After speaking with Sunshine’s firm on Jan. 25, the former Merrill CEO apologized yesterday in a memo to top Merrill executives for paying $1.2 million last year to renovate his New York office and said he will repay the costs. Thain said the office work included two conference rooms and a reception area.

He also appeared on television, defending in an interview with CNBC’s Maria Bartiromo his decision to pay bonuses. “If you don’t pay your best people, you will destroy your franchise,” he said.


If you are planning to sell your home in the next 5-10 years, get out while you can.

Coming to some town near you, sooner, rather than later.

I had to laugh when recently reading Vancouver Real estate Promoter Bob Rennie's current advice was don't sell your home now if you don't have to. What he was actually saying is he can't sell his product at a profit now and he doesn't want homeowners competing with him for the measely sales, developer fire sales or not,  that are taking place across the Lower Mainland.

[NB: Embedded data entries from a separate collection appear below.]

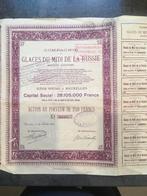 Titre GLACES DU MIDI RUSSIE, Timbres & Monnaies, Timbres | Europe | Russie, Envoi, Affranchi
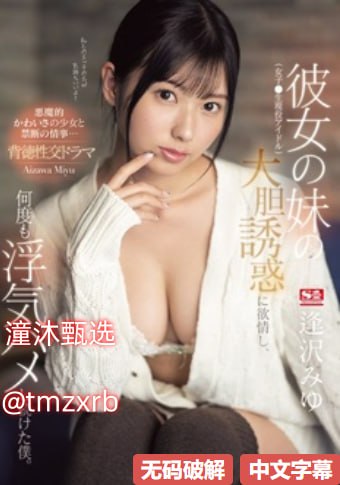 亚洲精品久久久久久久蜜桃メイリン モデルコレクション メav日韩一二三区高清在线观看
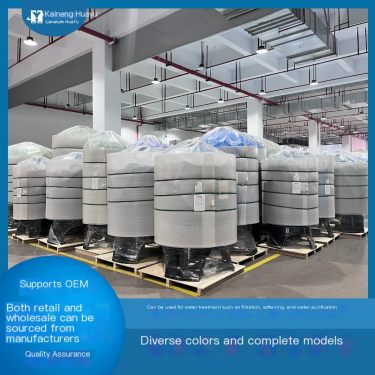Kaineng Huayu comes in a variety of colors and specifications, with a complete glass PE inner tank for filtering impurities in w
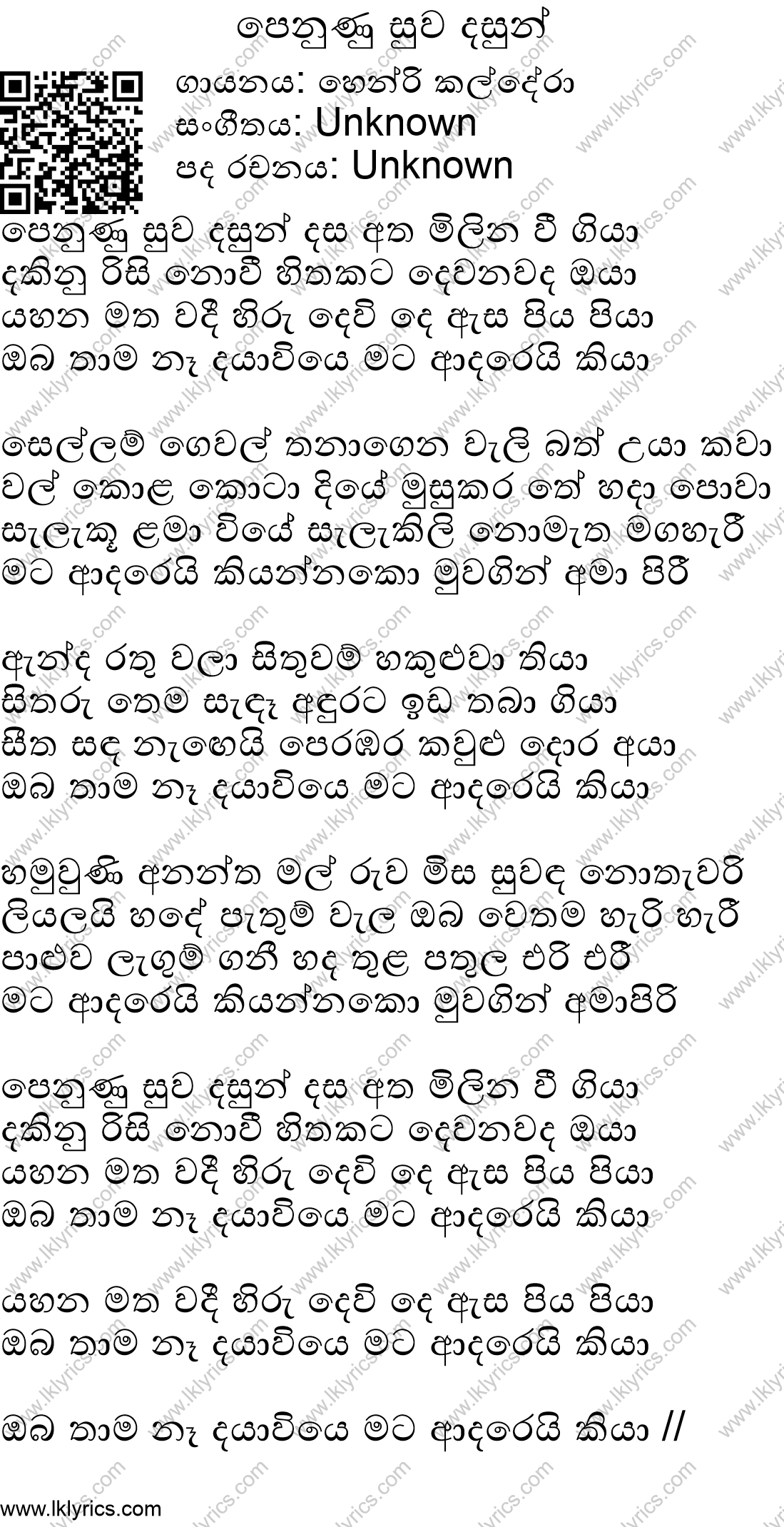 Penunu suwa dasun Lyrics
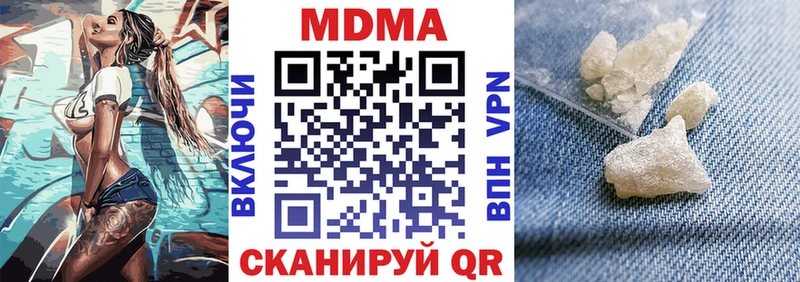 MDMA Molly Белово
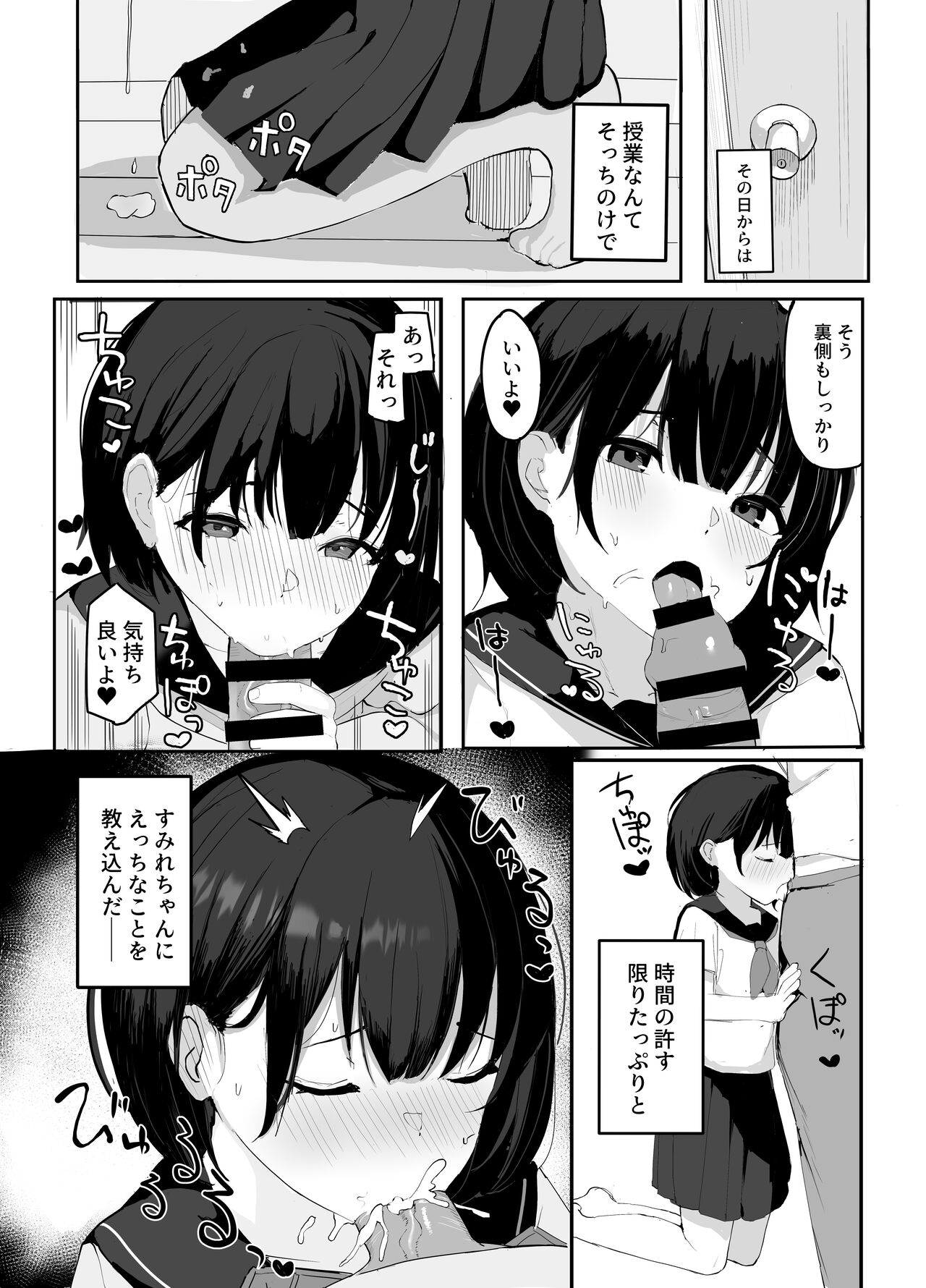Daisuki na Oshiego to Amatoro Sekkusu page 12 full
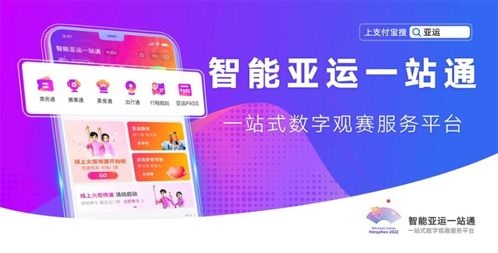 智能亞運(yùn)一站通用戶(hù)突破1億 數(shù)字技術(shù)服務(wù)體育盛事新里程碑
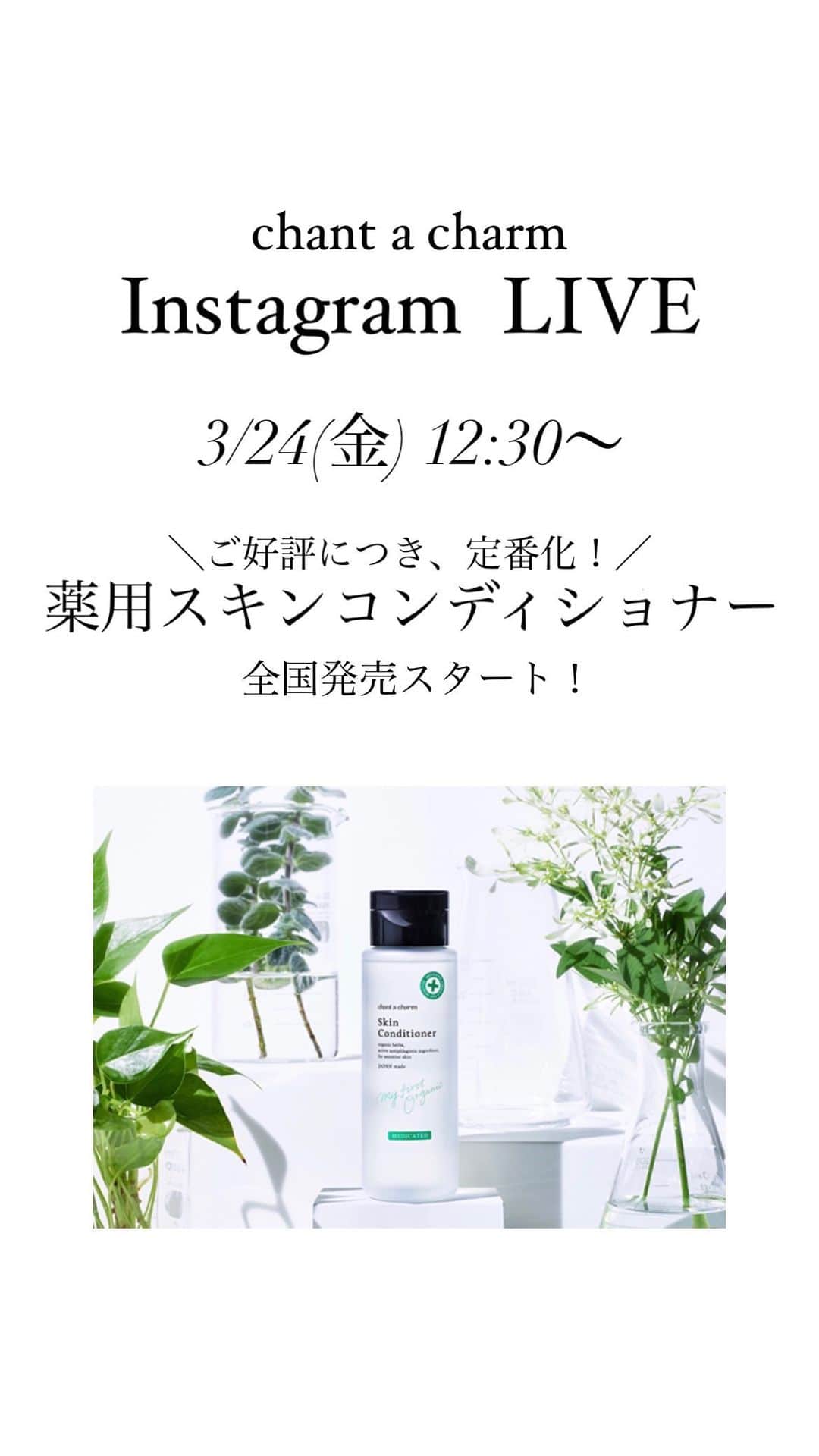 チャントアチャーム【公式】のインスタグラム：「#薬用スキンコンディショナー  全国発売スタート💙  ご好評につき定番化した #薬用化粧水 が本日発売 開始いたしました！  ✅どんなアイテム？ ✅どんな方におすすめ？ をお話ししたのでご覧ください♪  #チャントアチャーム #chantacharm #ニキビ #新商品情報」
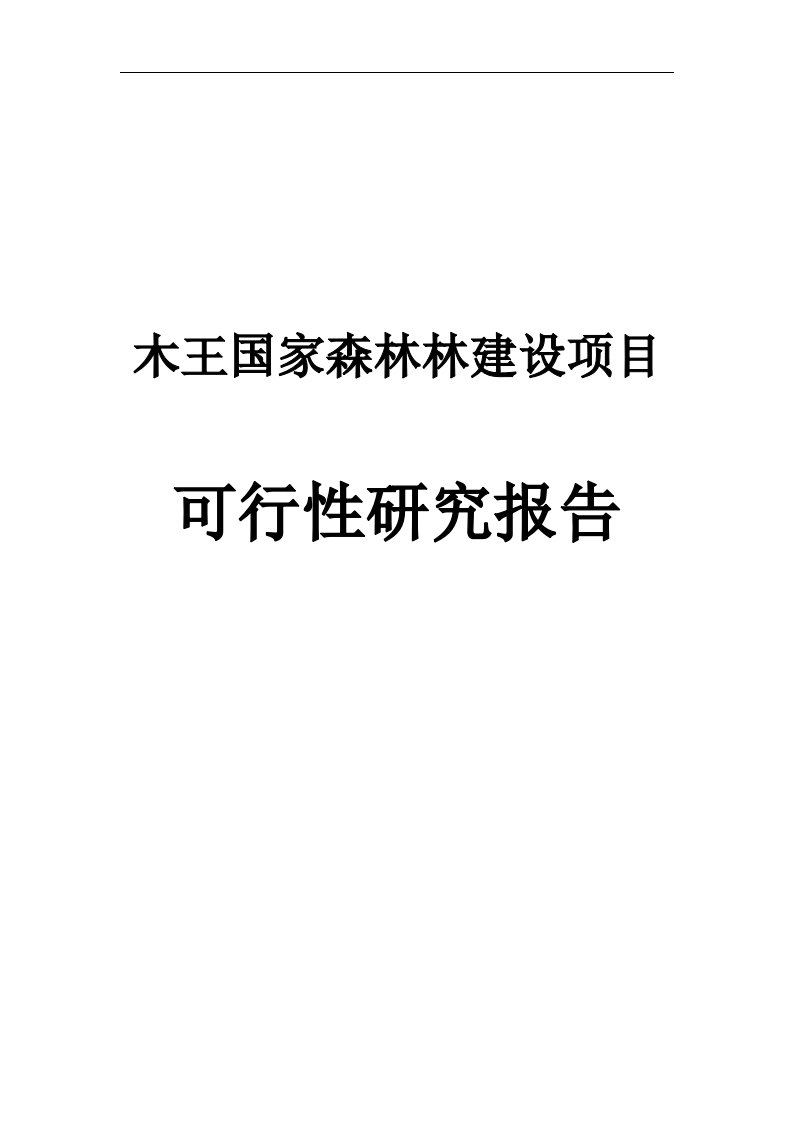 木王国家森林公园可行性研究分析报告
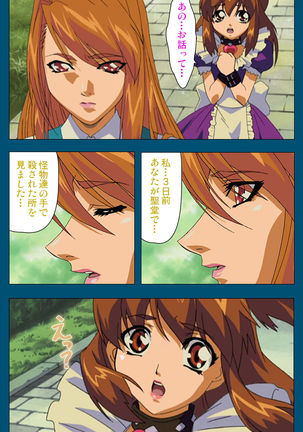 Enjerubureido kanzenhan Page #186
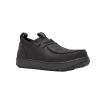 Rocky Dry Strike SRX 3 Inch Composite Toe Slip On Work Shoe RKK0518 - Image 2 of 0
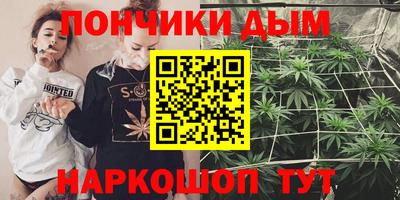 наркотики Михайловка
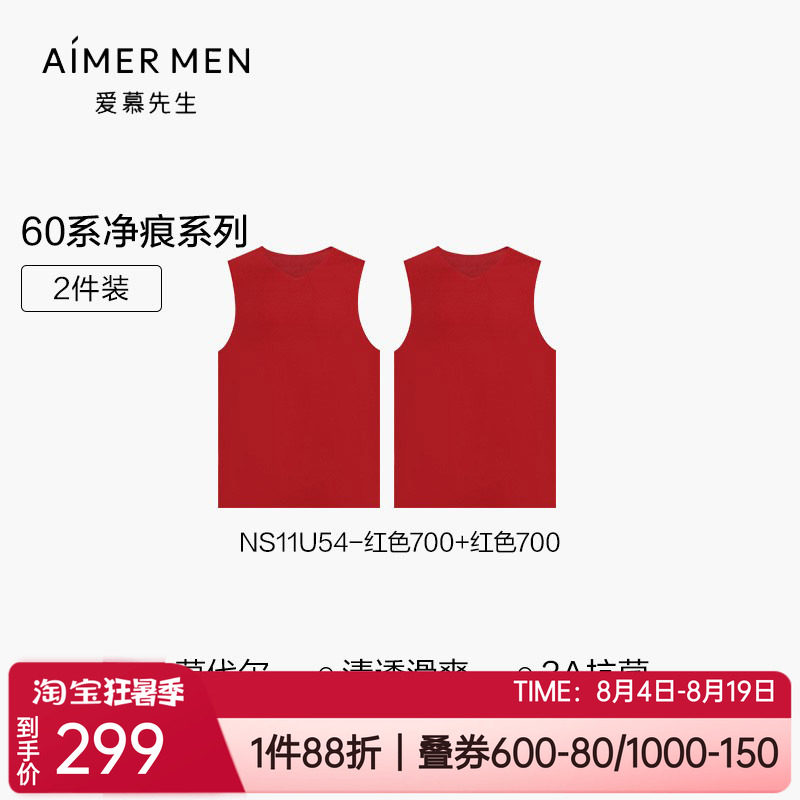 爱慕莫代尔无痕家居宽肩跨栏背心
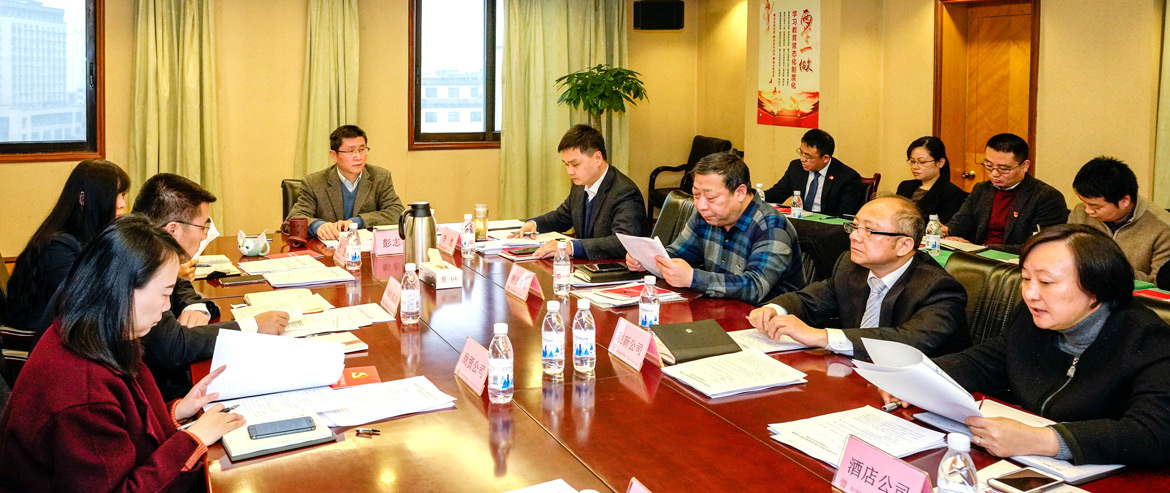 2019218114019847 亿万先生mr官方网站集团召开2019年纪检监察及审计工作座谈会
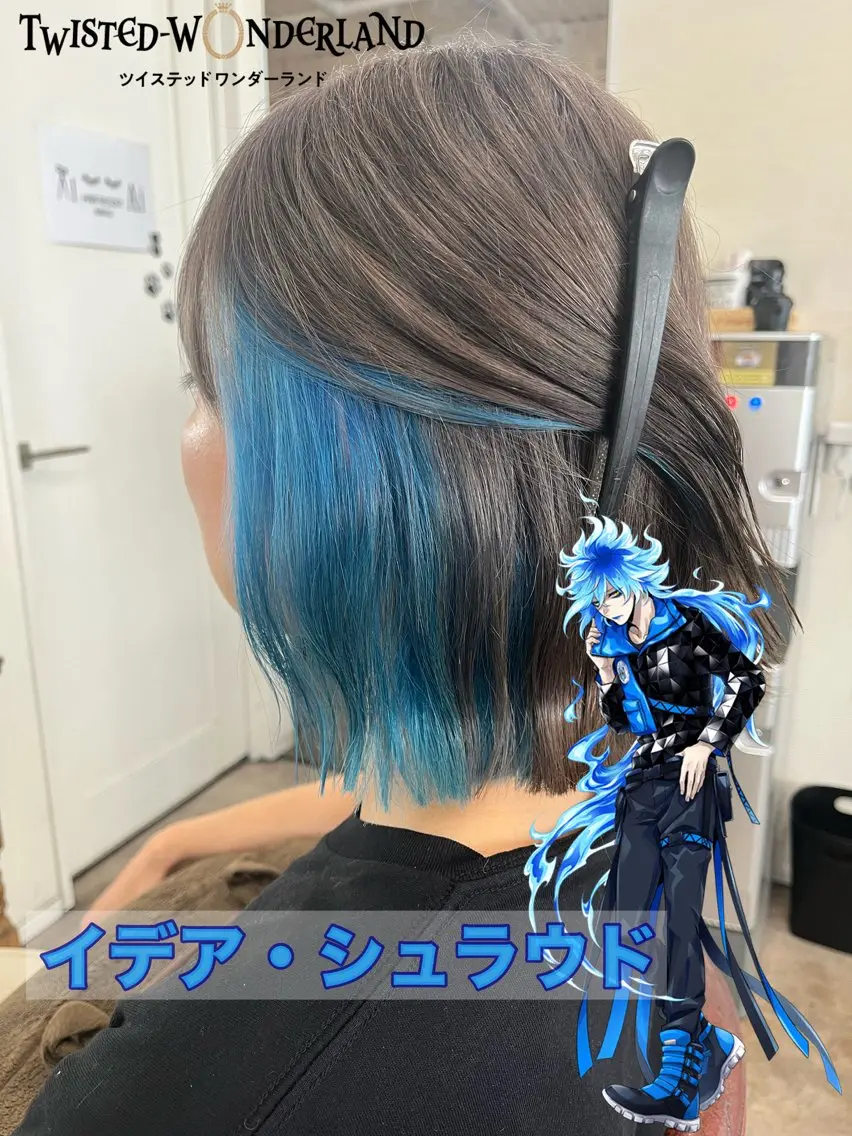 【推しカラーにもオススメ💕】🌈インナーカラーorイヤリングカラー🌈🦄ブリーチ込みでこのお値段💕✨の写真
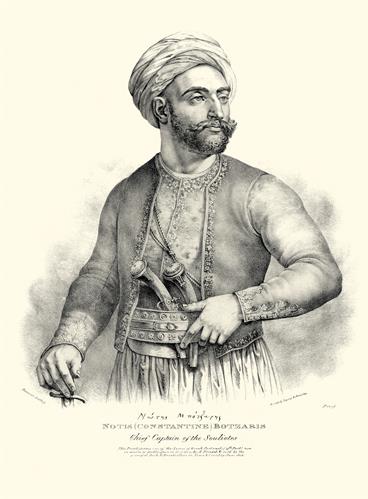Ο Νότης (Κωνσταντίνος) Μπότσαρης, αρχηγός των Σουλιωτών κατά την Ελληνική Επανάσταση. Λιθογραφία του Adam Friedel από το λεύκωμα &quot;The Greeks. Twenty four portraits, (in four parts of six portraits each), of the principal leaders and personages who have ma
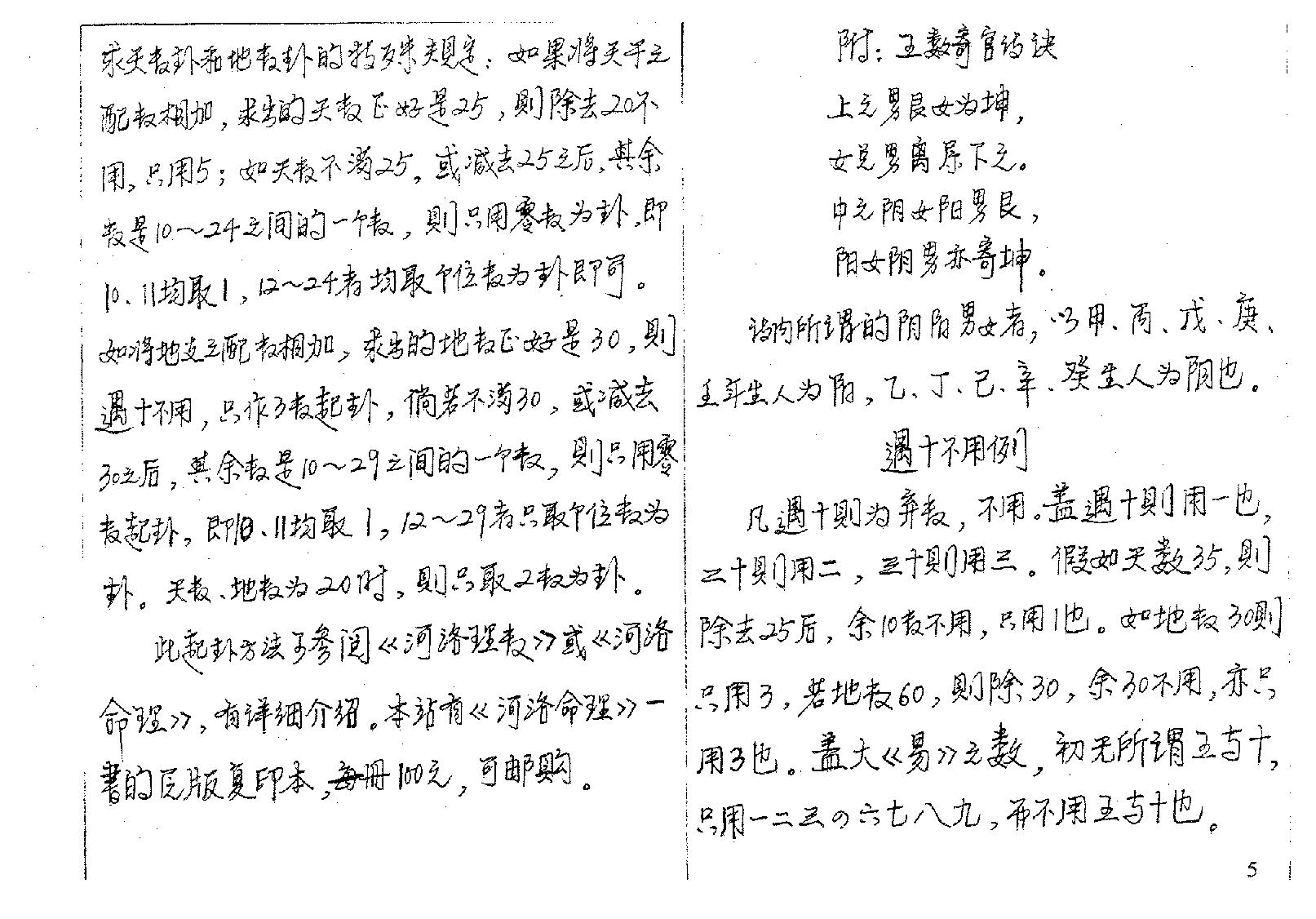 邵子神数预测讲义函授资料.pdf_第7页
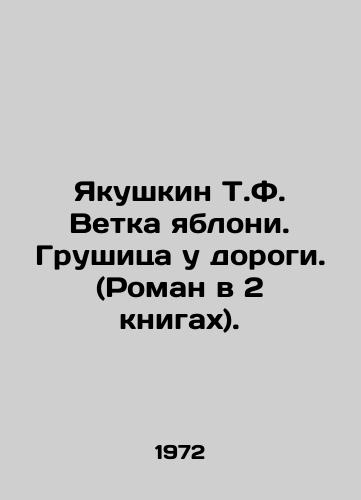 Yakushkin T.F. Vetka yabloni. Grushitsa u dorogi. (Roman v 2 knigakh)./Yakushkin T.F. Apple branch. Grushitsa by the road. (Roman in 2 books). In Russian - landofmagazines.com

Why in the world would we think that what is happeneing in the USA will not happen to us here in Canada? Are Canadians nuts?


US houses sink at fastest rate on recordAmerica's economy is spiralling rapidly into deep recession, according to a respected survey of residential property values


Frustrated Mess Frustrated Mess's picture

It's not that I'm keen on killing people. I haven't actually killed anyone myself yet. It's all to do with economics.

You see, I can't help but notice that the arms industry is doing extremely well. In fact in these times of economic disaster, it's the one industry that seems to be expanding.

My Future As An Arms Manufacturer
By Terry Jones




Stock markets dropping again. Cdn dolla 93.5 cents US,  Oil $67.83 US a barrel

Down, down, they go. Where they stop, nobody knows. Laughing



What I do not understand is why the US dollar goes up in times like this. Seems to me that you would want currentcy from strong exporting countries , since they have still something to offer.


Crude oil now US$ 67.17 a barrel



I thought it might get worse and it did.